8. Nursery education
8.1 Nursery education before the Second World War
Nursery schools were first established by voluntary effort at the beginning of the 20th century. Following the creation of the Medical Branch in 1907, government attention initially focused on nursery provision for ‘neglected’ children in deprived areas.
Under the 1918 and 1921 Education Acts local education authorities could provide or aid the provision of nursery schools and classes for children aged two to five.
Government grants also became available from 1919 but the development of nursery provision was hampered by financial crises.
Expansion was urged by a joint Ministry of Health and Board of Education circular of 1929. This was:
- encouraged by the report of the Consultative Committee on Infant and Nursery Education in 1933 (Hadow Committee)
- further emphasised by a 1936 LEA survey on the need for nursery provision for the under-fives
For related records browse:
- nursery education general files in ED 102 for regulations, circulars, letters, administrative memoranda, and correspondence with other departments on matters of common policy
- LEA files on nursery education in ED 66 for proposals to establish nursery schools and classes, correspondence relating to expenditure, policy and individual schools
- papers of the 1933 Hadow Committee in ED 10/149-150
Search by name of nursery within ED 69 for files on individual nursery schools.
8.2 Nursery expansion during the Second World War
It was only with the wartime emergency that greater provision was made for nursery-aged children from a wider range of backgrounds.

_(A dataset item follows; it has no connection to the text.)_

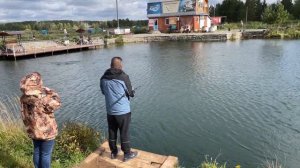 АЗАРТ/ПЛАТНАЯ РЫБАЛКА/ЛОВИМ ФОРЕЛЬ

The Second World War led to the establishment of:
- nursery centres in evacuation reception areas
- day nurseries for the children of women war workers
- evening play centres for children of school age whose mothers were war workers
- surviving LEA files in ED 66
- the ‘under fives’ sections of the wartime history of education in ED 138 for evidence of activities at individual schools and in different parts of the country
- documents relating to the provision of evening play centres in ED 65
8.3 Post-war expansion and research
The post-war ‘baby boom’ increased the number of pre-school children and encouraged the expansion of nursery provision.

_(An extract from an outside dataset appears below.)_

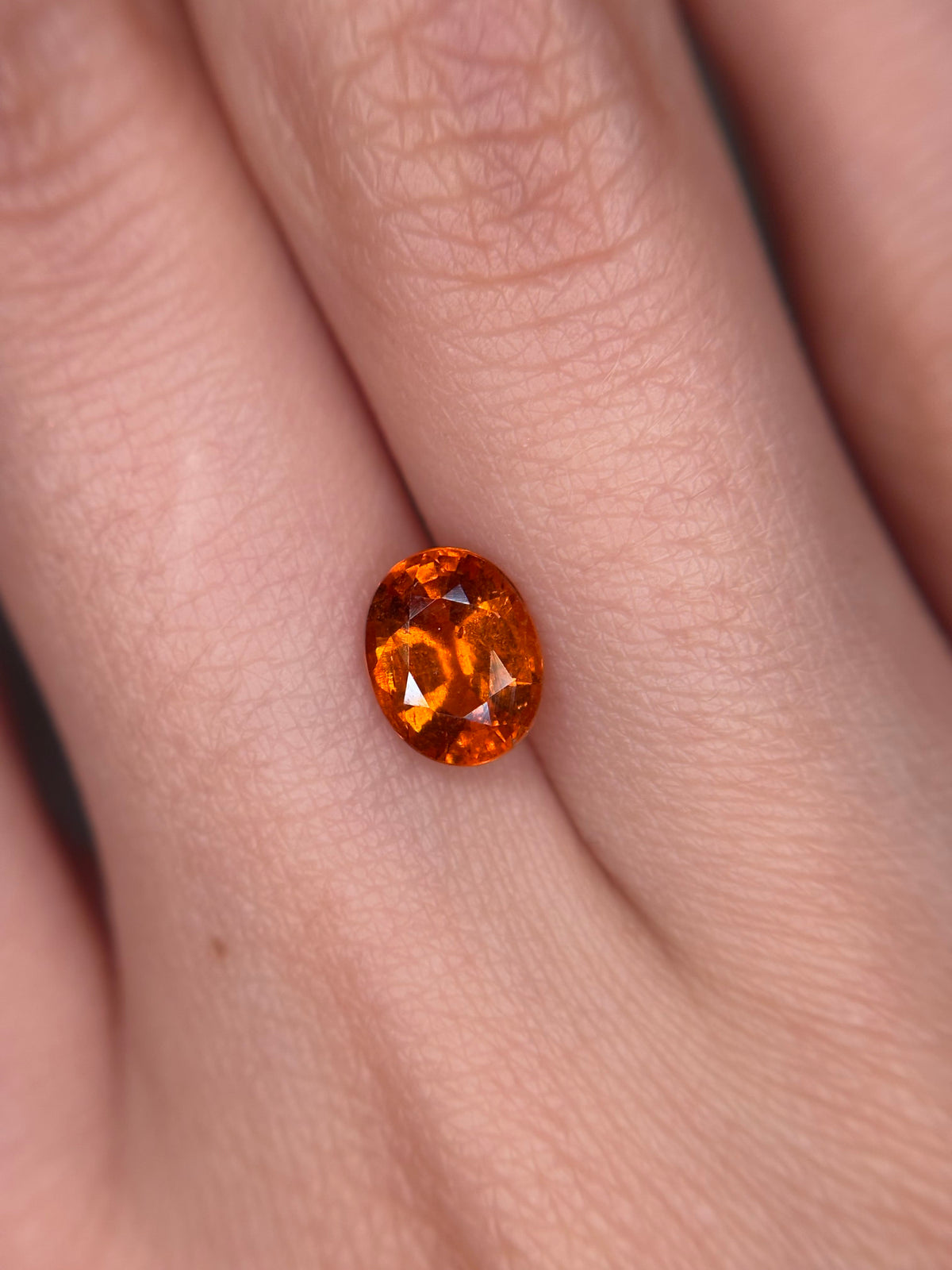 Luxury Promise 1.60ct Fanta Spessartine THAIC1061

The 1944 Education Act extended the provision of nursery schools and classes. LEAs were asked to include such provision in their development plans for post-war education which are in ED 152.
The 1967 report Children and their Primary Schools (or the Plowden Report) included numerous recommendations for the expansion of nursery education. Related papers are in ED 207/6-7 and ED 207/122-124.
The need to expand nursery accommodation encouraged research into nursery care. For information on research into this area between 1968 and 1984:
The School Census (Form 7) Datasets in CRDA 13/ED 267 contain statistical details of nursery schools. You can sometimes identify entries for individual schools by using the Register of Educational Establishments in CRDA 47/NV 2.
9. Further reading
Read Education and the State from 1833, by Ann Morton (PRO 1997) for background information and for guidance on other original sources.
The School Health Service, 1908-1974, a report by the Chief Medical Officer of the Department of Education and Science, published in 1975.